Your objective: An exact copy of the listing is required, with its pictures removed.

Data below:
*** Block opens ***

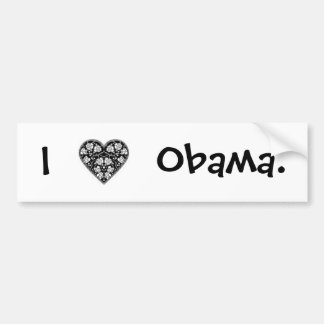 IK 'HEART' OBAMA. BUMPERSTICKER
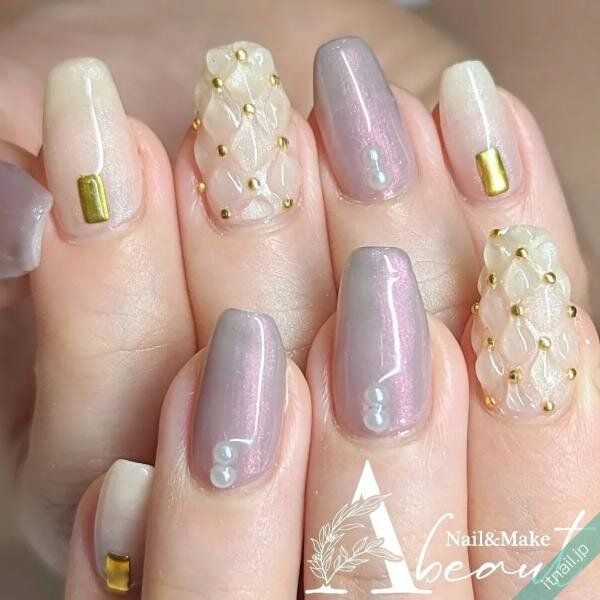 Nail&Make Abeautが投稿したネイルデザイン [photoid:I0123223] via Itnail Design (742935)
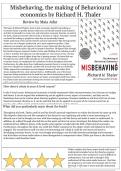 Misbehaving by Richard Thaler- a book review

*** Block closes ***

Solved exercise:
 IK 'HEART' OBAMA. BUMPERSTICKER
 Nail&Make Abeautが投稿したネイルデザイン [photoid:I0123223] via Itnail Design (742935)
 Misbehaving by Richard Thaler- a book review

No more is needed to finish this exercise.